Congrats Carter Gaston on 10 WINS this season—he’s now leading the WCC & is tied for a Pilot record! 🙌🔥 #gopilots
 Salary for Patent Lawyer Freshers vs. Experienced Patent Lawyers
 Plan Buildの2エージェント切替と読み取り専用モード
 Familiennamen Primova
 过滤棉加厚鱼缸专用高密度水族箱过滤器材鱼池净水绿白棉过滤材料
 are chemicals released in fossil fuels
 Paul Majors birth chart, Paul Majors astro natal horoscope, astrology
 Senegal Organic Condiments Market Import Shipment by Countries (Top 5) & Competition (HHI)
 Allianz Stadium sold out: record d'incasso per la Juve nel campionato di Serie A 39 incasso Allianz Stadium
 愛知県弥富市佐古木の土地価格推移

▸ PROBLEM: State the number of lines holding the word "record" in the listing. Add nothing else.

▸ WRITTEN SOLUTION: 2